RIAUEXPOSE.COM – Terdakwa kasus dugaan korupsi, Abdul Wahid, menyampaikan keberatan atas dakwaan yang dibacakan jaksa dari Komisi Pemberantasan Korupsi dalam persidangan di Pengadilan Negeri Pekanbaru, Kamis (26/3/2026).
Dalam keterangannya di hadapan majelis hakim, Abdul Wahid menilai terdapat sejumlah kejanggalan antara narasi yang disampaikan KPK saat konferensi pers dengan isi dakwaan yang dibacakan di pengadilan.
Salah satu yang disorot adalah tidak dicantumkannya narasi operasi tangkap tangan (OTT) dalam dakwaan, padahal sebelumnya hal tersebut disampaikan dalam konferensi pers.
“Ada perbedaan antara yang disampaikan saat konferensi pers dengan dakwaan. Narasi OTT tidak muncul dalam dakwaan, ini menurut saya janggal,” ujarnya di ruang sidang.
Selain itu, ia juga mempertanyakan perihal dugaan penerimaan uang sebesar Rp800 juta.
Menurutnya, dalam konferensi pers disebutkan dirinya menerima uang secara langsung, namun hal tersebut tidak tertuang dalam dakwaan resmi.

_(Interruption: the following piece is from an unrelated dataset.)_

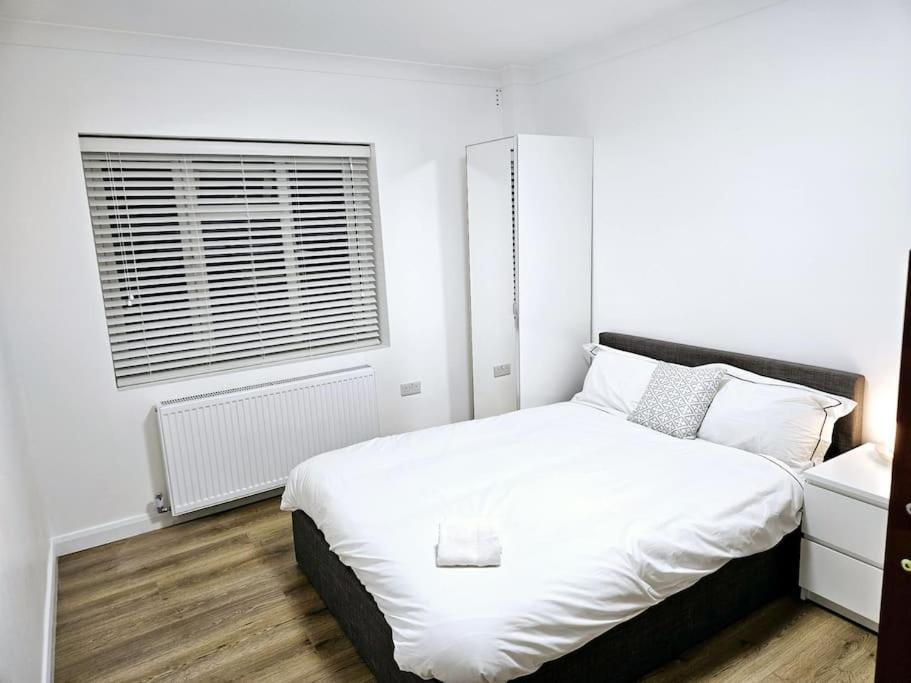 Wonderful Apartment In Wembley Лондон Экстерьер фото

“Dalam dakwaan tidak disebutkan saya menerima langsung uang Rp800 juta,” katanya.
Tak hanya itu, Abdul Wahid turut menyoroti dugaan aliran dana untuk perjalanan luar negeri, termasuk ke Inggris, yang sebelumnya sempat mencuat.
Ia menegaskan bahwa hal tersebut tidak dijelaskan dalam dakwaan, bahkan perjalanan yang dilakukannya disebut dibiayai oleh lembaga internasional.
“Saya disebut ke luar negeri, padahal sudah saya jelaskan perjalanan itu dibiayai oleh unit PBB,” jelasnya.
Ia juga mempertanyakan istilah “jatah preman” yang sempat muncul dalam narasi awal perkara, namun tidak diuraikan lebih lanjut dalam surat dakwaan.
“Siapa yang dimaksud preman itu? Ini saya anggap sebagai bentuk pembunuhan karakter,” tegasnya.
Dalam kesempatan tersebut, Abdul Wahid menyampaikan harapannya agar majelis hakim dapat mengadili perkara secara objektif, independen, dan tanpa intervensi pihak manapun.
“Saya bersyukur majelis hakim menyatakan tidak ada intervensi dan akan mengadili seadil-adilnya,” ujarnya.
Terkait eksepsi yang diajukan, ia juga menekankan bahwa alat bukti dalam proses hukum seharusnya tidak didasarkan pada penafsiran subjektif.
“Tidak ada alat bukti yang berbentuk penafsiran atau dicocok-cocokkan,” tutupnya.
Sidang perkara ini akan kembali dilanjutkan dengan agenda berikutnya sesuai jadwal yang telah ditetapkan oleh majelis hakim di PN Pekanbaru.